In efforts of creativity, innovation, or ideation, often it is not the logical breakdown of a topic that brings success, but instead an ‘ah-ha’ moment happens when two or more seemingly unrelated items come together within the context of a given topic.[1]

When there is a group, the volume of these “small pieces” is obviously multiplied, and easily stimulated by the increase in perspectives - the more people sharing the more likely to spark a connection - as well as by providing fidget toys, trinkets, crayons and scrap paper, anything that folks can pick up and play with during the discussion.

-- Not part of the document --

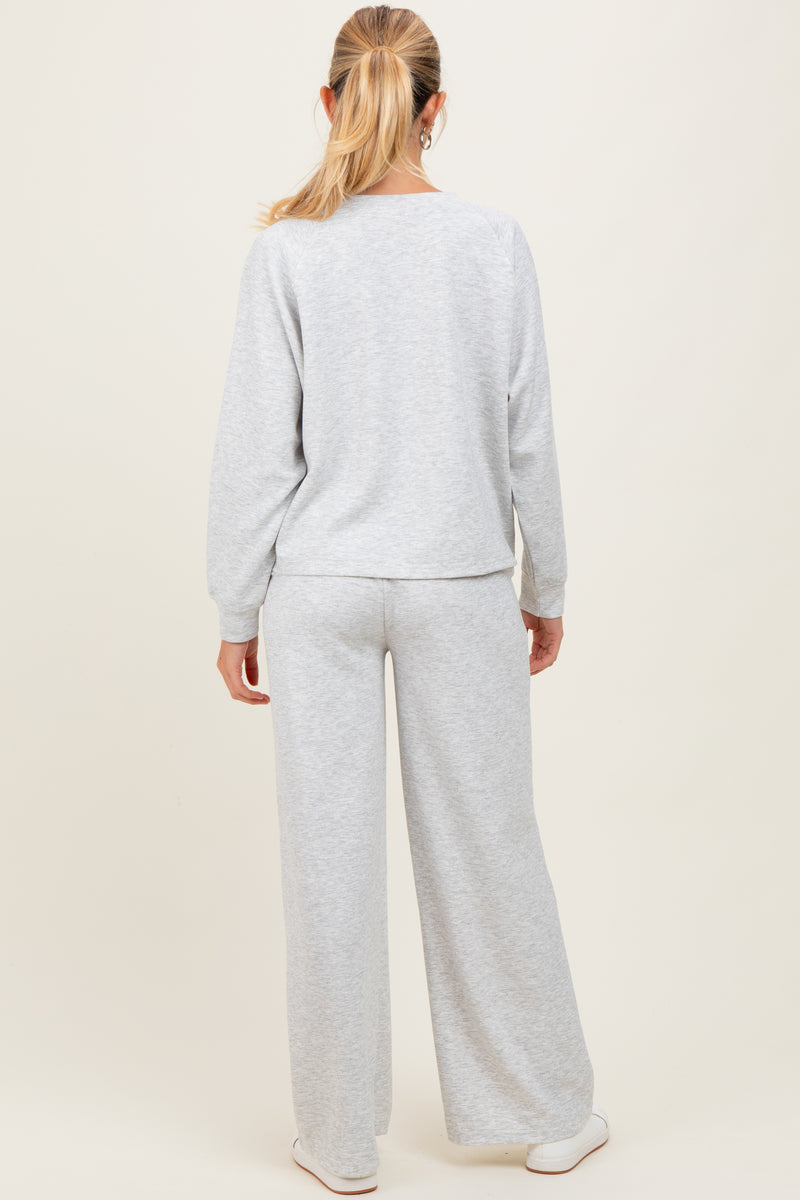 Heather Grey Basic Tee And Wide Leg Pant Maternity Set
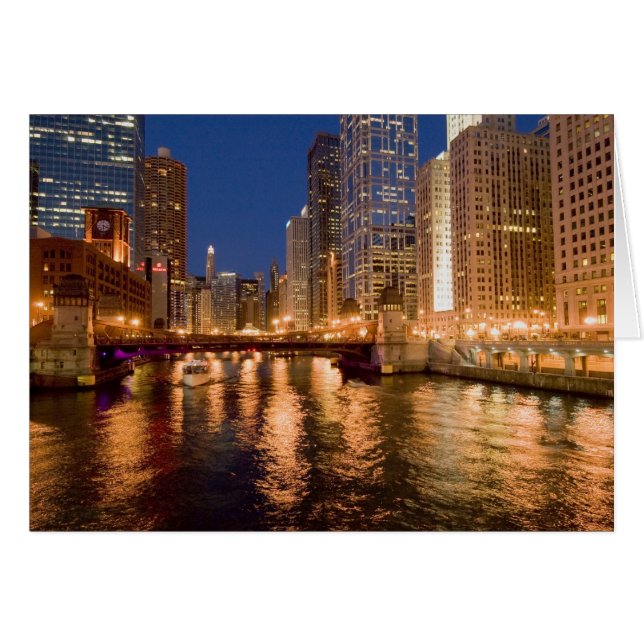 Chicago, Illinois, Silhouet en Chicago River om 2 (Voorkant Horizontaal)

However, these sources of inspiration are only effective if within each of us we have sufficient “small pieces” stored in our subconscious.

Outside a group setting, when we need to engage in the same efforts but independently; this store of knowledge, experience, perspective, language, these “small pieces” waiting to be joined, is the resource we better not run out of.

Therefore for those that endeavor to create, build, change, disrupt, cannot afford to sit idle, silo’d ignoring the world around us; we must consume the world around us. Training ourselves to constantly be capturing through observation, reading, listening, smelling, tasting.[2] Building our reserve of those small pieces over time. The good news is just because we haven’t actively been doing it, doesn’t mean our subconscious isn’t doing it for us.

On days when I had a test, my dad would remind me to let my eyes skim the entire test, every question, before starting at the first. I used to give him a hard time about it, but his point was that our minds begin to work out the answers. He was trying to get me to recognize there is a silent worker (our internal agent if you will). Training this agent requires, like our AI agents, vast amounts of data to be effective.[3] Shifting from passive collection to active is the long term shift we can aim for.

Small pieces loosely joined is the reminder of this goal and the basis for what you’ll find here. A sometimes random collection of ah-ha moments and small pieces I’ve stored over the years.

## Note

[1] Koestler, Arthur. The Act of Creation. London: Hutchinson, 1964. Cited for “bisociation” and insights from intersecting matrices of thought (pp. 35–36). Access a full‑text scan: Internet Archive copy ↗.

[2] Young, James Webb. A Technique for Producing Ideas. Chicago: Advertising Publications, 1940. Cited for the five‑step method and deliberate collection of diverse inputs (pp. 10–18). Library record with page images: HathiTrust catalog page ↗. Commonly circulated PDF: University mirror (PDF) ↗.

[3] Kahneman, Daniel. Thinking, Fast and Slow. New York: Farrar, Straus and Giroux, 2011. Cited for dual‑process theory (System 1 associative operations) and unconscious problem‑solving (pp. 19–30). Reference copy: Internet Archive lending record ↗ and a widely shared study PDF: Internet Archive file ↗.